+++ Provided records

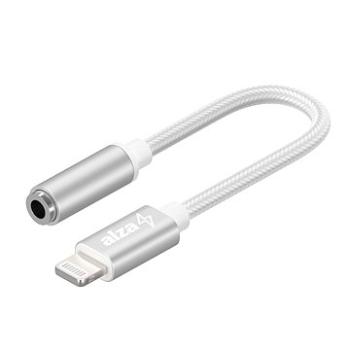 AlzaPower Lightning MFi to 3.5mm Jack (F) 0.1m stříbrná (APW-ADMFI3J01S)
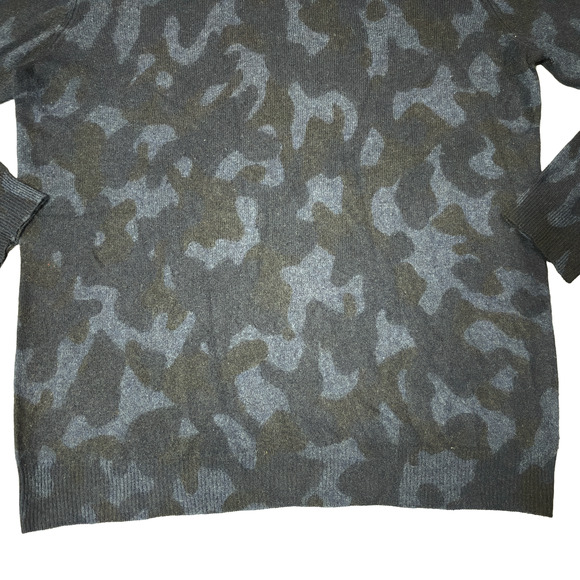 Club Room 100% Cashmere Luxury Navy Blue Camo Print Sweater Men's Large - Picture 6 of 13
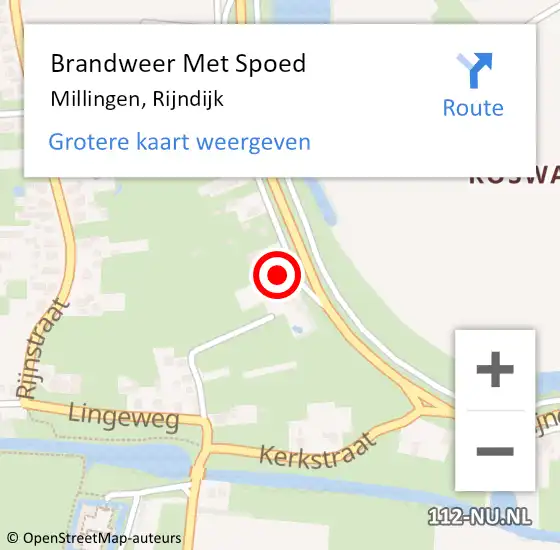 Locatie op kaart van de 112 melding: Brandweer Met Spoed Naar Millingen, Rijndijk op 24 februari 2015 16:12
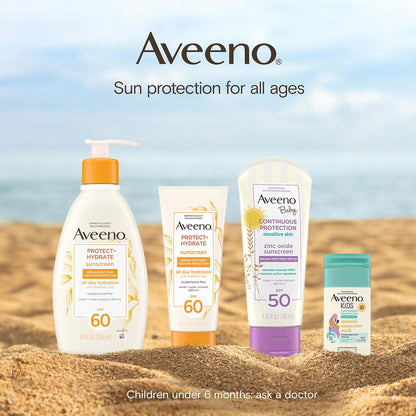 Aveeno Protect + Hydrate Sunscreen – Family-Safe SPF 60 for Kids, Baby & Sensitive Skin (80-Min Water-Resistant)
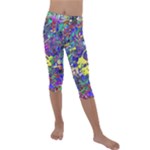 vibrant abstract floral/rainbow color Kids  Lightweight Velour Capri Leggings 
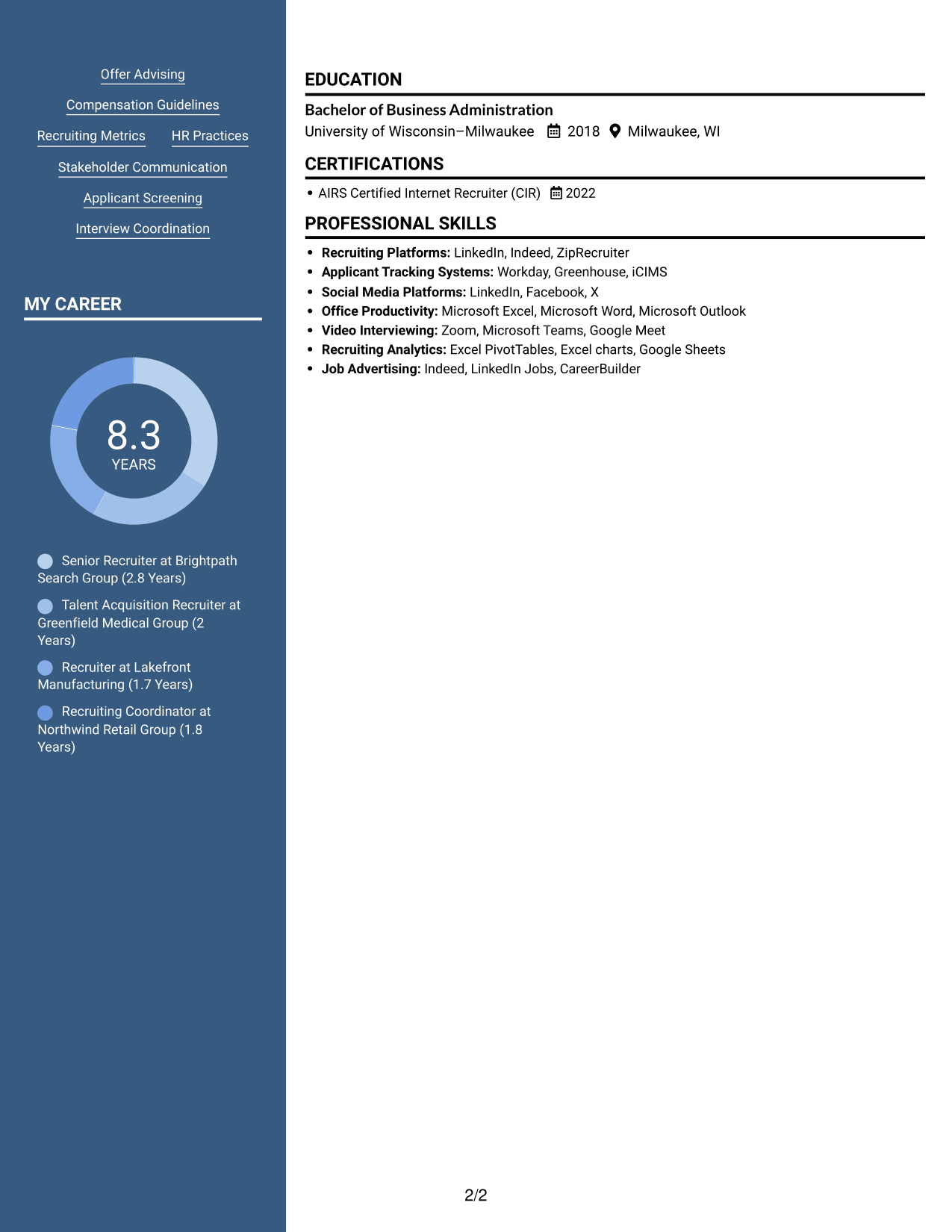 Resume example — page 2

++++++

Exactly the lines from the top of the entries through the line with "Locatie op kaart", inclusive, must be given again, with every picture omitted.

 AlzaPower Lightning MFi to 3.5mm Jack (F) 0.1m stříbrná (APW-ADMFI3J01S)
 Club Room 100% Cashmere Luxury Navy Blue Camo Print Sweater Men's Large - Picture 6 of 13
 Locatie op kaart van de 112 melding: Brandweer Met Spoed Naar Millingen, Rijndijk op 24 februari 2015 16:12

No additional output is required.